*** Data records

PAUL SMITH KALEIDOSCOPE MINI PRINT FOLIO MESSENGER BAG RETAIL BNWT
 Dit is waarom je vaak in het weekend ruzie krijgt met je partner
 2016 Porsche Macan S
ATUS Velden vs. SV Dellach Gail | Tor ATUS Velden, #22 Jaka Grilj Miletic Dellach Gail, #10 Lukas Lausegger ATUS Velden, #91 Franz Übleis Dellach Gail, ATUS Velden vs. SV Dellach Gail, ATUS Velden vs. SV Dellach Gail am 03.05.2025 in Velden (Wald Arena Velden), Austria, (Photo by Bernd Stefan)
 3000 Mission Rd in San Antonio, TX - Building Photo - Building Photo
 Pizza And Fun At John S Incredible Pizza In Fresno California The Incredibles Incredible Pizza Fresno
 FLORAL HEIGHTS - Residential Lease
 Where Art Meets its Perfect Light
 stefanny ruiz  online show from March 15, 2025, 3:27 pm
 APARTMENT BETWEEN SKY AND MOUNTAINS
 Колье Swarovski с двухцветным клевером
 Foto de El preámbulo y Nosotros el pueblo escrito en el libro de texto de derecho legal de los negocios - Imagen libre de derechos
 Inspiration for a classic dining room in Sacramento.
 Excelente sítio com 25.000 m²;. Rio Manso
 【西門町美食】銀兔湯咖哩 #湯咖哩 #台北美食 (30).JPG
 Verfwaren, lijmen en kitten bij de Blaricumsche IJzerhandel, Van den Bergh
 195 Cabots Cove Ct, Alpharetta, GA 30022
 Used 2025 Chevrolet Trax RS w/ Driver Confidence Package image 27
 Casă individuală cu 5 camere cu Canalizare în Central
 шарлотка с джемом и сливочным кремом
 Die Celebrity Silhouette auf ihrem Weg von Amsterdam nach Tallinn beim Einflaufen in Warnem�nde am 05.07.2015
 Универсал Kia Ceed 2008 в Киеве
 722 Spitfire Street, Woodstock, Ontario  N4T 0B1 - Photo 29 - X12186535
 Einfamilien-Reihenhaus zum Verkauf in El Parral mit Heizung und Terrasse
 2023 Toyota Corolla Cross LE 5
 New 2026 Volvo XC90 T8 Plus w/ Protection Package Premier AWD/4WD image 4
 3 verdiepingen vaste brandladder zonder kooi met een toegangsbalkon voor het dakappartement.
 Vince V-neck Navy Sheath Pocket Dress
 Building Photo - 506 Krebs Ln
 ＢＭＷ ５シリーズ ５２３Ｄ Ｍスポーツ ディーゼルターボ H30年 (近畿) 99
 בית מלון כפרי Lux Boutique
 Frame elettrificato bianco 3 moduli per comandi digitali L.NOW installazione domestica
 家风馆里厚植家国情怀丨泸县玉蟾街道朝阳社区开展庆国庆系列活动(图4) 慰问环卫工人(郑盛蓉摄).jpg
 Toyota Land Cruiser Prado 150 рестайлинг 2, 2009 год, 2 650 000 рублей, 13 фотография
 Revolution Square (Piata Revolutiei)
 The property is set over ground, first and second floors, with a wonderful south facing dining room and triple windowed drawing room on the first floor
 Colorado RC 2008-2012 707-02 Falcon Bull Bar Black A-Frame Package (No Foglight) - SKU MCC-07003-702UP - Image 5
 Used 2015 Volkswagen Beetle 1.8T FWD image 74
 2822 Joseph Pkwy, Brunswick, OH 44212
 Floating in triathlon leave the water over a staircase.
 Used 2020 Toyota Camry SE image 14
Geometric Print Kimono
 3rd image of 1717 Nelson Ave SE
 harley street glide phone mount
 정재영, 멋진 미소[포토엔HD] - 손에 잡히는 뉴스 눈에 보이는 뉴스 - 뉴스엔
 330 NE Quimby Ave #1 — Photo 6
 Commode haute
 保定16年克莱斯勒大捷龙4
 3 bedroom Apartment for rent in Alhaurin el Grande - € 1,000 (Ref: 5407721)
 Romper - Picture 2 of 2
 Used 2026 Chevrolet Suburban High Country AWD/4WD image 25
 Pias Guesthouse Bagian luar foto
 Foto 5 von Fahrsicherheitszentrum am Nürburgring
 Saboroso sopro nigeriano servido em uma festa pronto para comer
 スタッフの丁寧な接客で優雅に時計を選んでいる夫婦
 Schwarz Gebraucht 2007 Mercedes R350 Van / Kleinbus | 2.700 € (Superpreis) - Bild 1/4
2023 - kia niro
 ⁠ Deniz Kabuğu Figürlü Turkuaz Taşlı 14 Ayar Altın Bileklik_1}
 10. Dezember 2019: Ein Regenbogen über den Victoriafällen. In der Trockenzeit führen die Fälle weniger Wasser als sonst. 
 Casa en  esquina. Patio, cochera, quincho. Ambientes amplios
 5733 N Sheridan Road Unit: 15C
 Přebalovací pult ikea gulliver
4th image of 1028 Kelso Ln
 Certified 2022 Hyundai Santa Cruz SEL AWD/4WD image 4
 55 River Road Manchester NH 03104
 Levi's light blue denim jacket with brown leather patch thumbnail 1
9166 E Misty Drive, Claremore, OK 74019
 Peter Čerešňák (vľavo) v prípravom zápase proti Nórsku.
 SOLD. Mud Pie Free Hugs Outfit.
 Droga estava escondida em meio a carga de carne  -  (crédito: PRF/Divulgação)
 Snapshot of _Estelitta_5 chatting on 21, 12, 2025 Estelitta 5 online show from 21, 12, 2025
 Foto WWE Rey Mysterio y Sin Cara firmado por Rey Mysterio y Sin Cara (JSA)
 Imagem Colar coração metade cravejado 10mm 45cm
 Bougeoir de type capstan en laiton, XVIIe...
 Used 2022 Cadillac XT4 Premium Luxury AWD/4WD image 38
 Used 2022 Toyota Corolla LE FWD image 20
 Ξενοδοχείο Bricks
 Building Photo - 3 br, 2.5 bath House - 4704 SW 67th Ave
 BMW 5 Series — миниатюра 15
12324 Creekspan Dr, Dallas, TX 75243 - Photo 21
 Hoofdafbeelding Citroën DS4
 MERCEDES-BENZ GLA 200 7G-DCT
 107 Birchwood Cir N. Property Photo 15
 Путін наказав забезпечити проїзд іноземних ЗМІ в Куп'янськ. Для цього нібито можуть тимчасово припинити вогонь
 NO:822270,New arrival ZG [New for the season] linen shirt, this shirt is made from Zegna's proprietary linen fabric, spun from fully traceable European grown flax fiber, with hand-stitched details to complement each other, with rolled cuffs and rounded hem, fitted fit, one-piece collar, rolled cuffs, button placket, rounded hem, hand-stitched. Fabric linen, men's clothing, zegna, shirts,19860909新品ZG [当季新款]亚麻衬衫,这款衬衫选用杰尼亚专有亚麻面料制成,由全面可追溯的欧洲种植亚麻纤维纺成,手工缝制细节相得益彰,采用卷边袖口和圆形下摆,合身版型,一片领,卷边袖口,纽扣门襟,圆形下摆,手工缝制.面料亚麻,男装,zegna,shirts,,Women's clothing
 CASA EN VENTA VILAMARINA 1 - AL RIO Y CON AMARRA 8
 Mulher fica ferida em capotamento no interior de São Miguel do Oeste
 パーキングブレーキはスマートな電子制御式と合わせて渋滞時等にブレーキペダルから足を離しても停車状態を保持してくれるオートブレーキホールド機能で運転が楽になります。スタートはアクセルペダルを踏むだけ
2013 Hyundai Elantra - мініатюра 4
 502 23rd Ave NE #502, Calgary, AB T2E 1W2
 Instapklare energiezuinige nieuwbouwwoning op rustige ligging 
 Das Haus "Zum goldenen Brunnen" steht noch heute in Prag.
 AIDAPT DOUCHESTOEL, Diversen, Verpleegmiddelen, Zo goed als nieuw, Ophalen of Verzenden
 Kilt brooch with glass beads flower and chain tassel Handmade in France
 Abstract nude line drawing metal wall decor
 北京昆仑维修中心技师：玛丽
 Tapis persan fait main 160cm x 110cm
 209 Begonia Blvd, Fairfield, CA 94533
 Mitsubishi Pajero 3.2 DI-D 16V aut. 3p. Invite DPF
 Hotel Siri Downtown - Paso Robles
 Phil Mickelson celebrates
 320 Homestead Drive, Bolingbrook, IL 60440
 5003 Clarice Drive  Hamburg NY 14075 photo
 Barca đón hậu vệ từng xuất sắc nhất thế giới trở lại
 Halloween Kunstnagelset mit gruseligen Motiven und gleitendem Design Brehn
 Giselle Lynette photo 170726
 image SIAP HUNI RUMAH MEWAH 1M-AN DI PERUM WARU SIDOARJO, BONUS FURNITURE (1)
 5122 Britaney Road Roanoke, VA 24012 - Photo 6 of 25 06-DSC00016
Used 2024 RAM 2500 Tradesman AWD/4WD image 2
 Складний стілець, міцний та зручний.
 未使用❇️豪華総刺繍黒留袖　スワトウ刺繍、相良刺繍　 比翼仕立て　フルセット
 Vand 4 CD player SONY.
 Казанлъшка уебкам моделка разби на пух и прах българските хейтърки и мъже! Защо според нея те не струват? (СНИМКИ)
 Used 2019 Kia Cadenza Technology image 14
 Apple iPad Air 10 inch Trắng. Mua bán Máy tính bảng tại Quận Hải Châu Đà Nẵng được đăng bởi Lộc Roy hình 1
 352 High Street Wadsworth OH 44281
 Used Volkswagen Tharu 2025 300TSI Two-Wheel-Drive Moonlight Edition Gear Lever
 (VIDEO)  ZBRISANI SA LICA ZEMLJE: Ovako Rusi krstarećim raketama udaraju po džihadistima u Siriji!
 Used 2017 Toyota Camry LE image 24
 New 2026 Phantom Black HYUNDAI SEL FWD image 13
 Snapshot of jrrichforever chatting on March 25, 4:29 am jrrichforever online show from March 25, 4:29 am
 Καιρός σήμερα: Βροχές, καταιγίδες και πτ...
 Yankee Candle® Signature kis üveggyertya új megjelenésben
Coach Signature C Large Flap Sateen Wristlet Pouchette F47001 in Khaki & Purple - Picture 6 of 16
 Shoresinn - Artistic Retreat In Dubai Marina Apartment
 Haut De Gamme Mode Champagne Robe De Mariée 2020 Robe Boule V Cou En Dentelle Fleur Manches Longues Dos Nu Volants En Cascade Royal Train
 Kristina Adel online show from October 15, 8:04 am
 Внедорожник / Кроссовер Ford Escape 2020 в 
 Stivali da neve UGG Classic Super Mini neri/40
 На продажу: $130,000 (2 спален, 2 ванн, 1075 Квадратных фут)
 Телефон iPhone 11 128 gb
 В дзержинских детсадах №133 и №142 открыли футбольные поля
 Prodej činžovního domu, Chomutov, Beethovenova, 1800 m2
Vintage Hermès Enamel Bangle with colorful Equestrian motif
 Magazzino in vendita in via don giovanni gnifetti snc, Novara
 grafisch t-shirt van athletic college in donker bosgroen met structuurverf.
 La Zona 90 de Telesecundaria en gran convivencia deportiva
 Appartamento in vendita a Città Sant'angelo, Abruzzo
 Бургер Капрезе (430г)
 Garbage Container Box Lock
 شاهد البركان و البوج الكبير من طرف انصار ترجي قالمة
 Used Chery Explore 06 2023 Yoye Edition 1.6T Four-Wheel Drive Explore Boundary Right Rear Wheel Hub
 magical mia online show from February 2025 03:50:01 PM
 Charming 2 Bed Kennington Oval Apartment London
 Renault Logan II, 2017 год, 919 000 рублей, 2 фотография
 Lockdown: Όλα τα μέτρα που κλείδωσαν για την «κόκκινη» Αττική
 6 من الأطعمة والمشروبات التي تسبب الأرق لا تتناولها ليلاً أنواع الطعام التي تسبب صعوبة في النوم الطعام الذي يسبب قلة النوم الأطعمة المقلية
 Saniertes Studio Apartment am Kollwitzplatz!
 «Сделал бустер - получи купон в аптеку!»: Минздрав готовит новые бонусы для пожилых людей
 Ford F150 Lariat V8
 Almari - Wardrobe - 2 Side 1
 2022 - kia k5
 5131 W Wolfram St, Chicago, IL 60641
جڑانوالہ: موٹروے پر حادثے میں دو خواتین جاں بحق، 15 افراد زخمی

******

__Required work__
Reproduce the entries above exactly, but only the lines between the line holding "Телефон iPhone 11 128 gb" and the line holding "magical mia online", inclusive.

__Exercise response__
 Телефон iPhone 11 128 gb
 В дзержинских детсадах №133 и №142 открыли футбольные поля
 Prodej činžovního domu, Chomutov, Beethovenova, 1800 m2
Vintage Hermès Enamel Bangle with colorful Equestrian motif
 Magazzino in vendita in via don giovanni gnifetti snc, Novara
 grafisch t-shirt van athletic college in donker bosgroen met structuurverf.
 La Zona 90 de Telesecundaria en gran convivencia deportiva
 Appartamento in vendita a Città Sant'angelo, Abruzzo
 Бургер Капрезе (430г)
 Garbage Container Box Lock
 شاهد البركان و البوج الكبير من طرف انصار ترجي قالمة
 Used Chery Explore 06 2023 Yoye Edition 1.6T Four-Wheel Drive Explore Boundary Right Rear Wheel Hub
 magical mia online show from February 2025 03:50:01 PM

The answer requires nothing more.